▶ **Exercise aim**: Beginning with the line that holds "2 bed, 1074 sqft, $1,450 — Photo 3" and ending with the last line, please repeat the entries exactly and omit the pictures.

▶ **Exercise materials**:
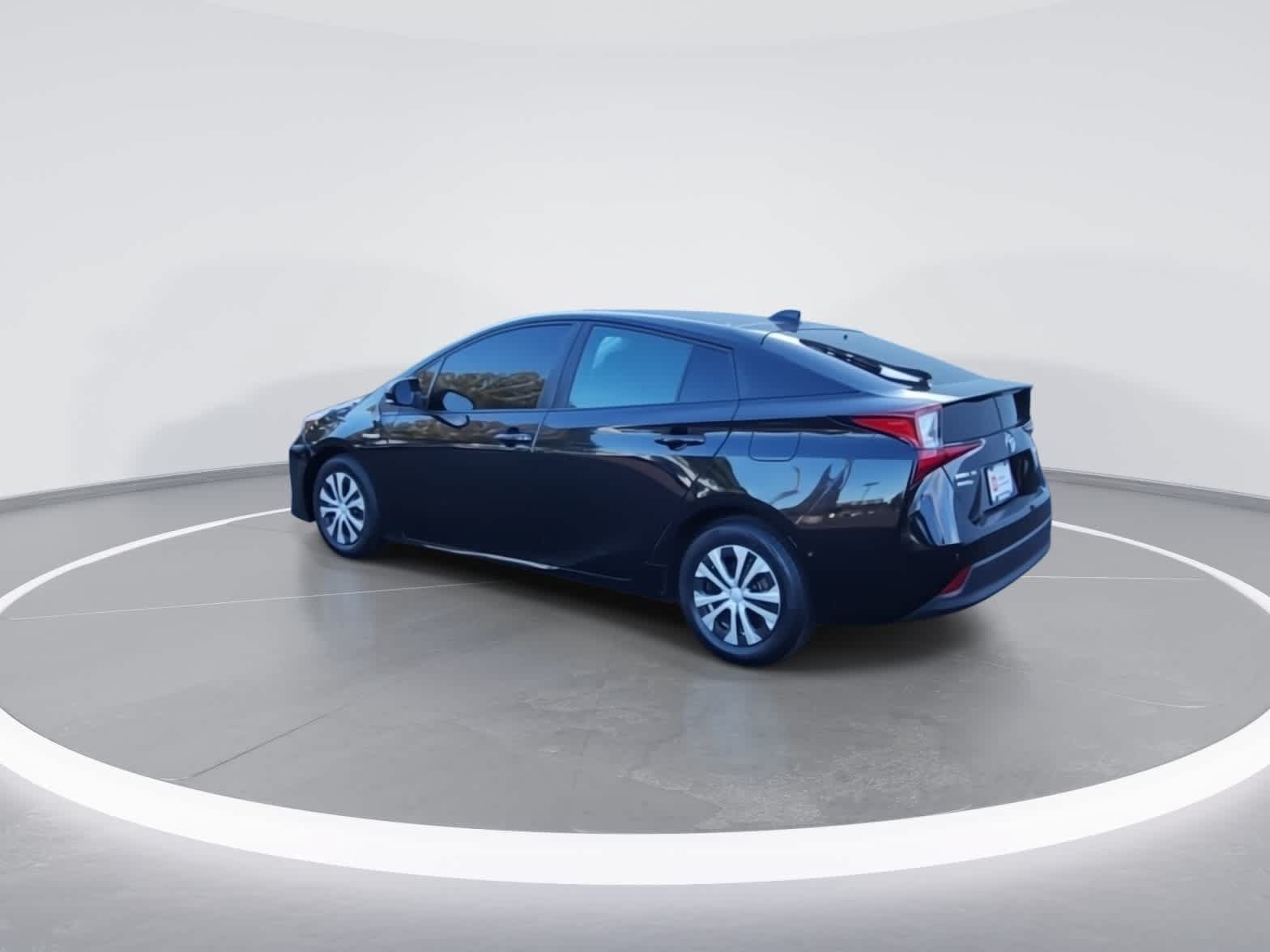 Certified 2021 Toyota Prius LE AWD/4WD image 6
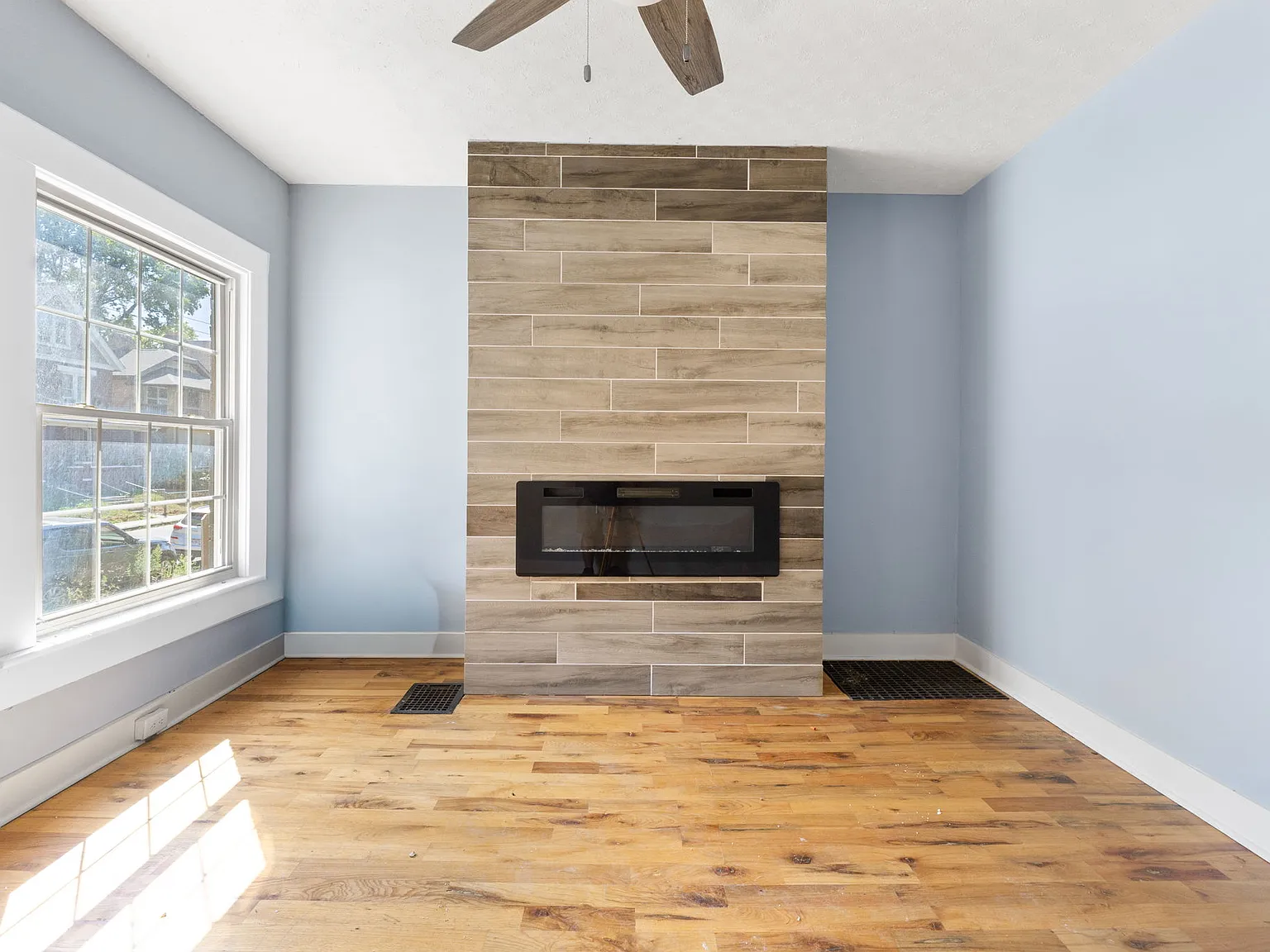 2 bed, 1074 sqft, $1,450 — Photo 3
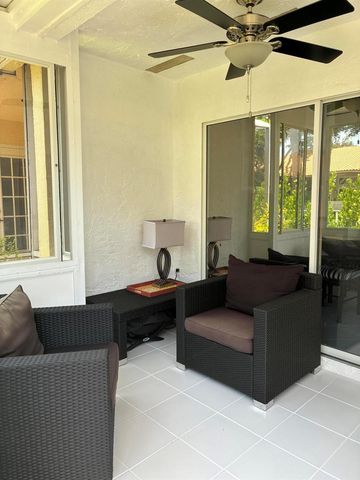 17223 Boca Club Boulevard 6, Boca Raton, FL 33487
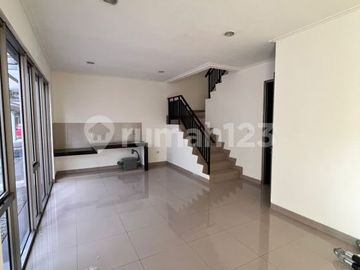 Disewakan Rumah Pik2 Cluster Riverside 11X10 Hoek Unfurnish Ready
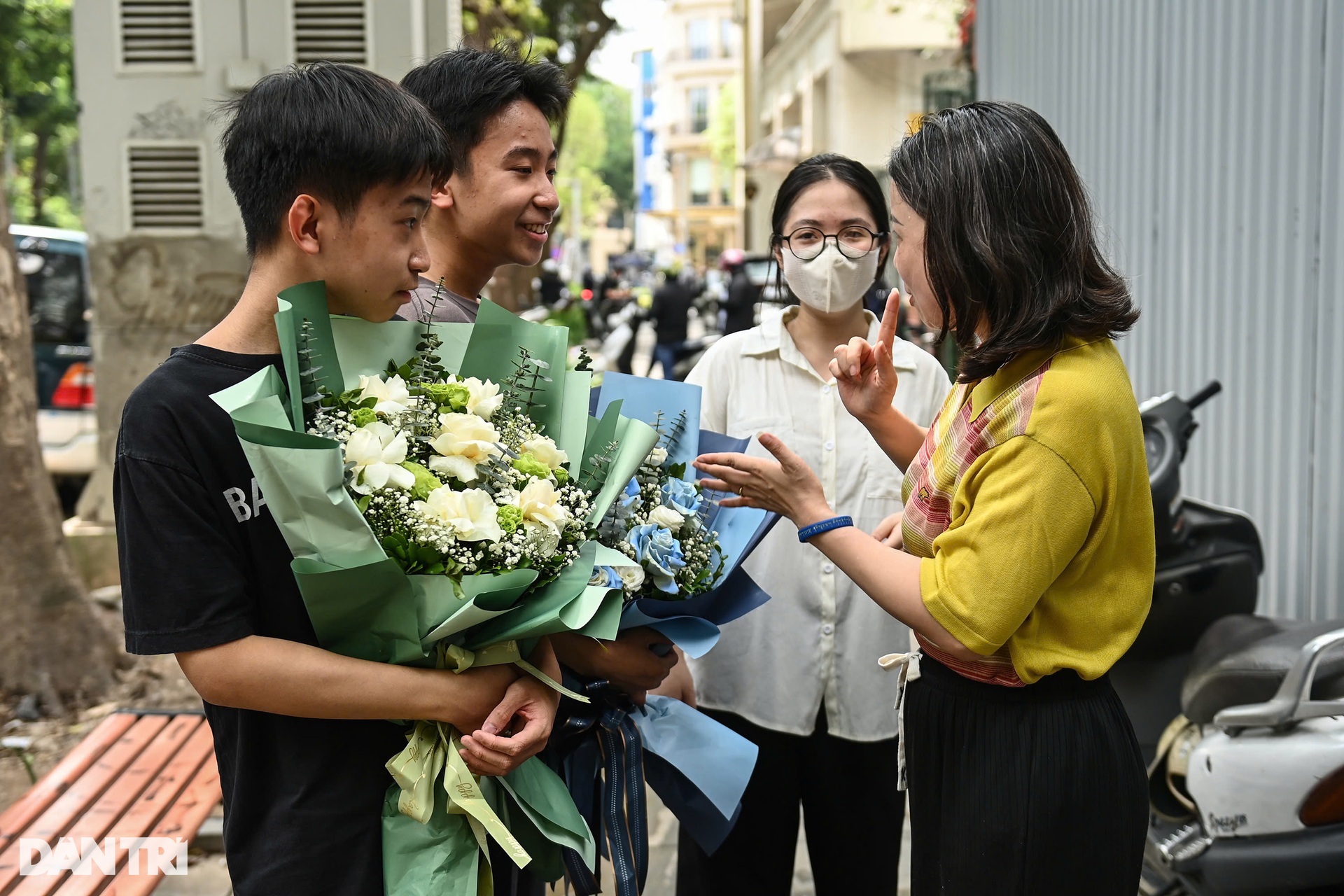 Phụ huynh òa khóc ôm con gái khi nghe “con làm được rồi” - 3 Phụ huynh òa khóc ôm con gái khi nghe “con làm được rồi” - 3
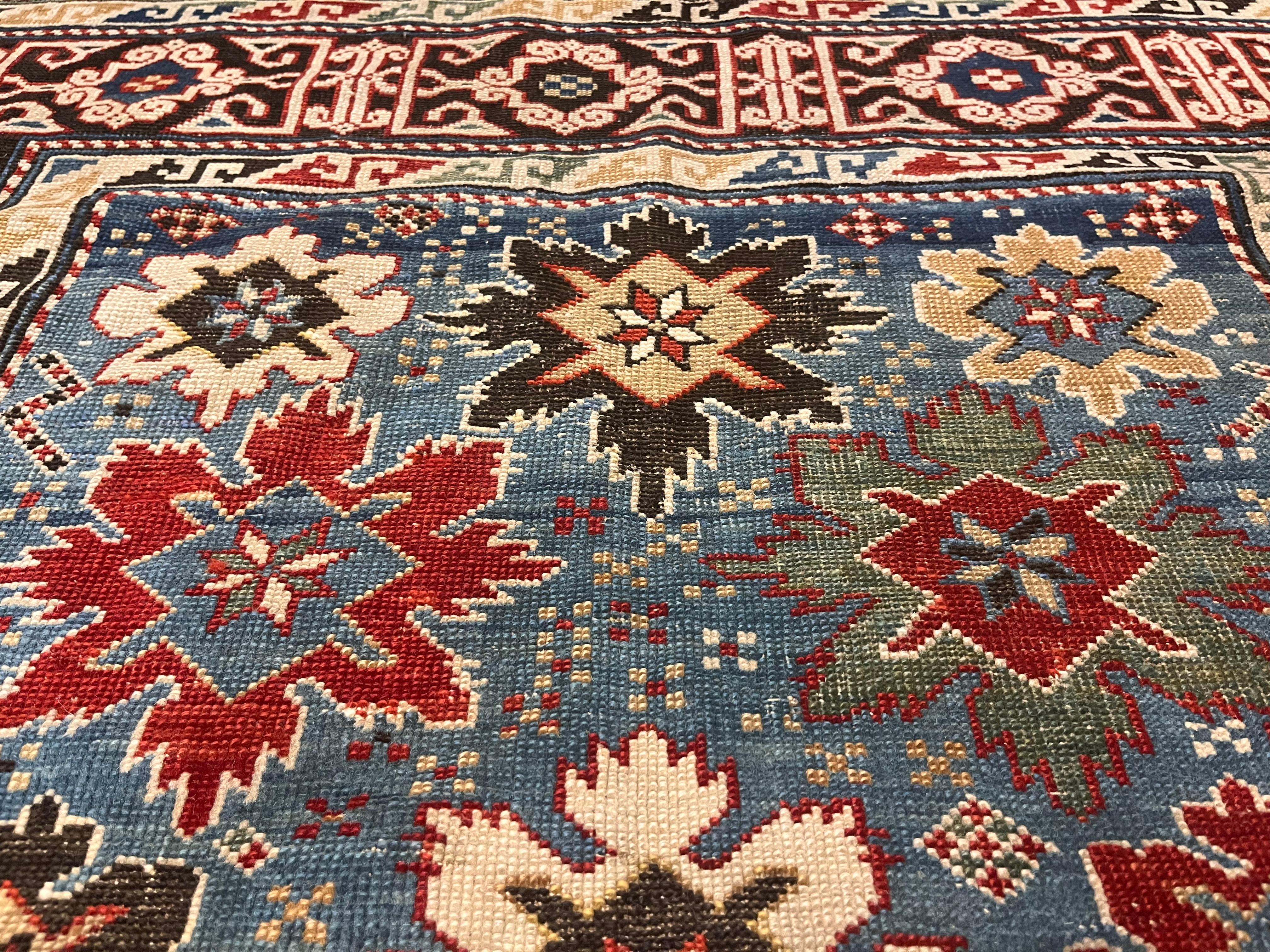 Noué à la main Tapis ancien caucasien Shirvan 3'6 x 8'5 en vente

▶ **Result**:
 2 bed, 1074 sqft, $1,450 — Photo 3
 17223 Boca Club Boulevard 6, Boca Raton, FL 33487
 Disewakan Rumah Pik2 Cluster Riverside 11X10 Hoek Unfurnish Ready
 Phụ huynh òa khóc ôm con gái khi nghe “con làm được rồi” - 3 Phụ huynh òa khóc ôm con gái khi nghe “con làm được rồi” - 3
 Noué à la main Tapis ancien caucasien Shirvan 3'6 x 8'5 en vente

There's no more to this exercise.